Condamnation par contumace
Ce retour ouvre la voie à de très nombreuses interrogations en Côte d’Ivoire où la dernière présidentielle, fin 2020, a vu Alassane Ouattara élu à un troisième mandat jugé inconstitutionnel par l’opposition qui a boycotté le scrutin et lors de laquelle plus d’une centaine d’Ivoiriens sont morts dans des violences selon un bilan officiel. Laurent Gbagbo va-t-il refaire de la politique, ou plutôt, de quelle manière ? Sera-t-il une autorité morale de la classe politique ou le leader combatif de l’opposition ? Certains de ses soutiens n’envisagent pas qu’il puisse renoncer à jouer un rôle actif, malgré des années de détention qui l’ont visiblement éprouvé. L’ancien président est par ailleurs toujours sous le coup d’une condamnation par contumace prononcée en 2018 dans son pays à 20 ans de prison dans l’affaire dite du «casse» de la Banque centrale des Etats d’Afrique de l’ouest (BCEAO). Va-t-il être amnistié par Alassane Ouattara avec qui l’affrontement dans les urnes a replongé le pays dans la guerre en 2010-2011 ?
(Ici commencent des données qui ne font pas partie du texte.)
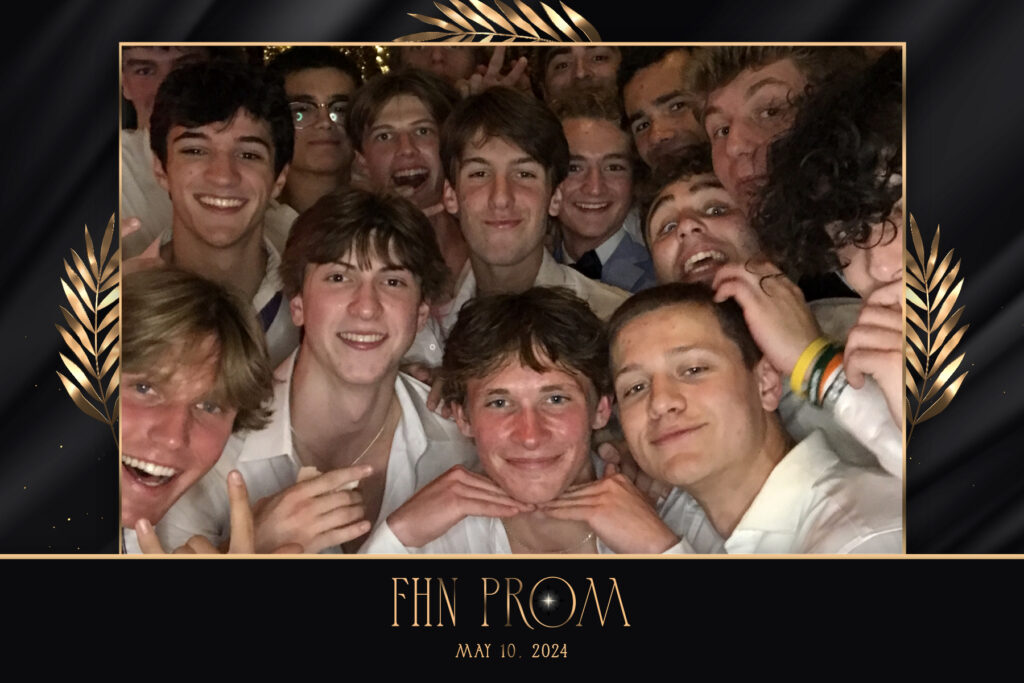 Group of students smiling in white shirts at FHN Prom May 10, 2024 photo booth with black and gold frame and decorative leaves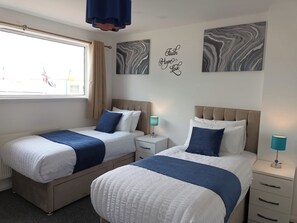 Une chambre d’hôtel avec deux lits, chacun recouvert d’une couvre-lit bleue et blanche, une table de chevet avec une lampe et une fenêtre avec des rideaux.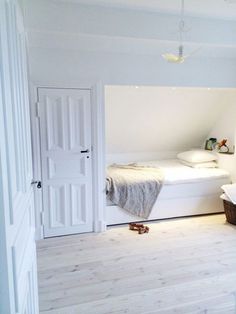 an open door leading to a bedroom with white walls and wood flooring on the bottom level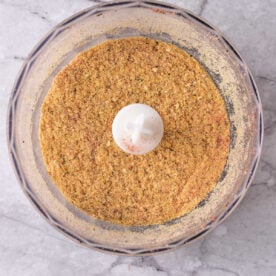 Seasoned breadcrumbs in a food processor bowl on a light marble countertop, viewed from above.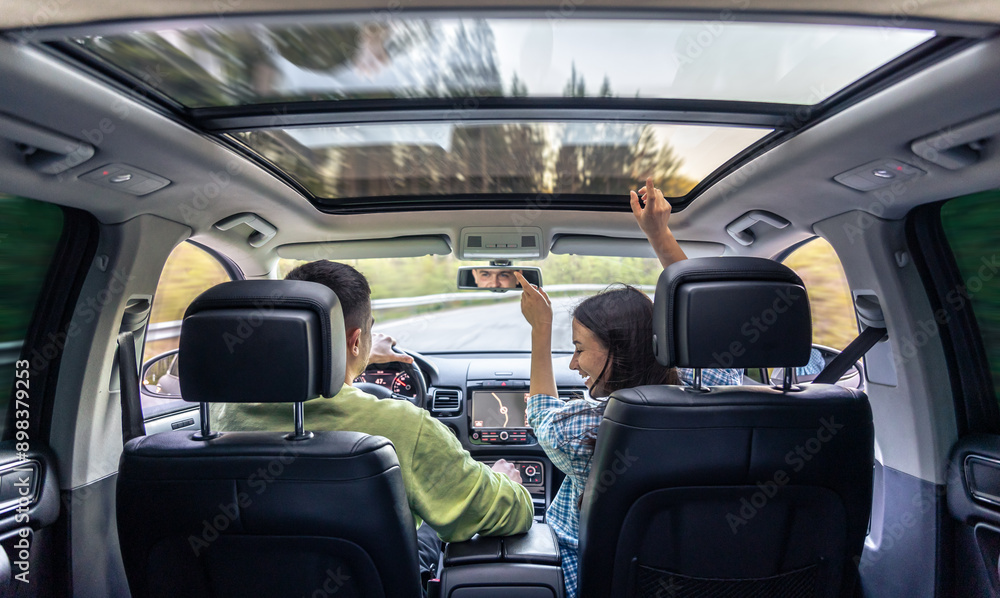 Man and woman traveling in car, sitting in car driving to travel destination. Man and woman traveling in car, sitting in car driving to travel destination.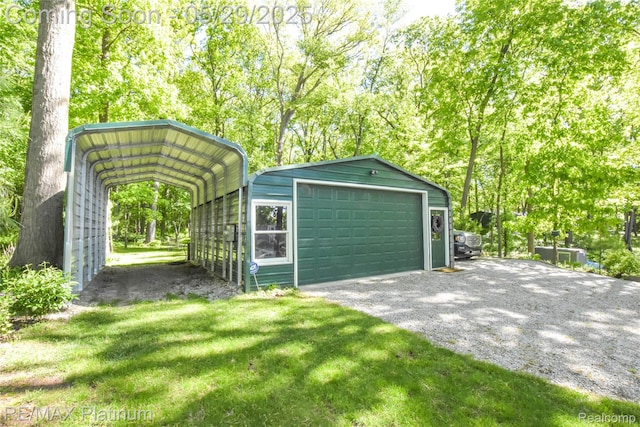 841 Hurley Dr, Howell, MI 48843 - detached garage featuring a detached carport and driveway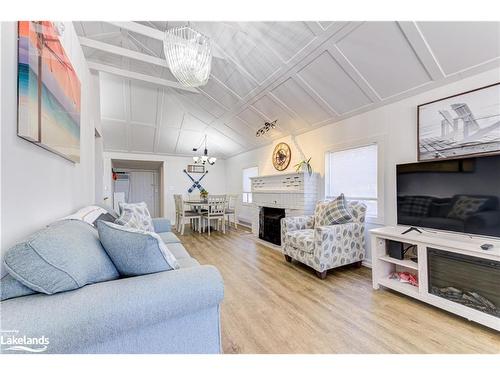 278 Coastline Drive, Wasaga Beach, ON - Indoor Photo Showing Living Room With Fireplace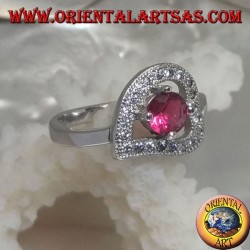 Silver ring in the shape of a horizontal heart with a synthetic round ruby set surrounded by zircons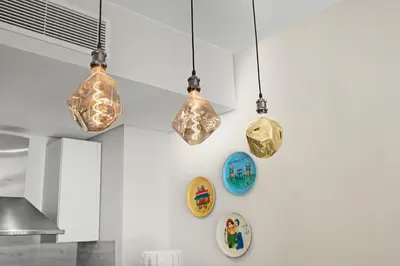 four lights hanging from a wall in a kitchen at Luxurious private Getaway in Mangroovy in Hurghada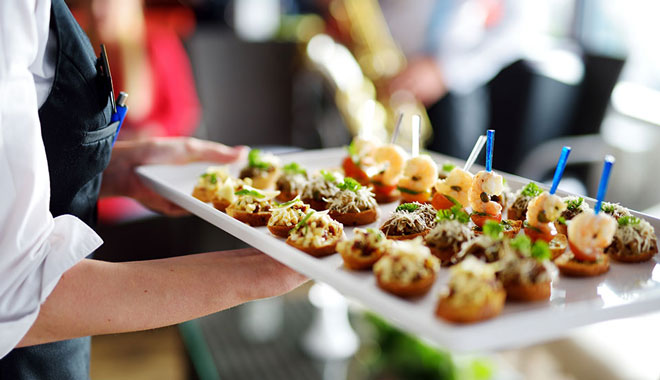 Waiter carrying plates with meat dish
Ses proches assurent que la question n’a pas été réglée avant son retour à Abidjan et ils estiment qu’une rencontre entre les deux hommes, qui ne se parlent pas directement, doit se faire à l’initiative du chef de l’Etat. En attendant, de nombreux Ivoiriens, dont certains ont en mémoire les atrocités commises pendant la crise post-électorale, se disent inquiets. Et si ce retour ravivait les tensions qui ne sont véritablement jamais éteintes ? Les différentes tendances politiques s’entendent au moins en façade sur une chose, la nécessité de faire avancer le processus de réconciliation. Reste à savoir quelle place Laurent Gbagbo y prendra.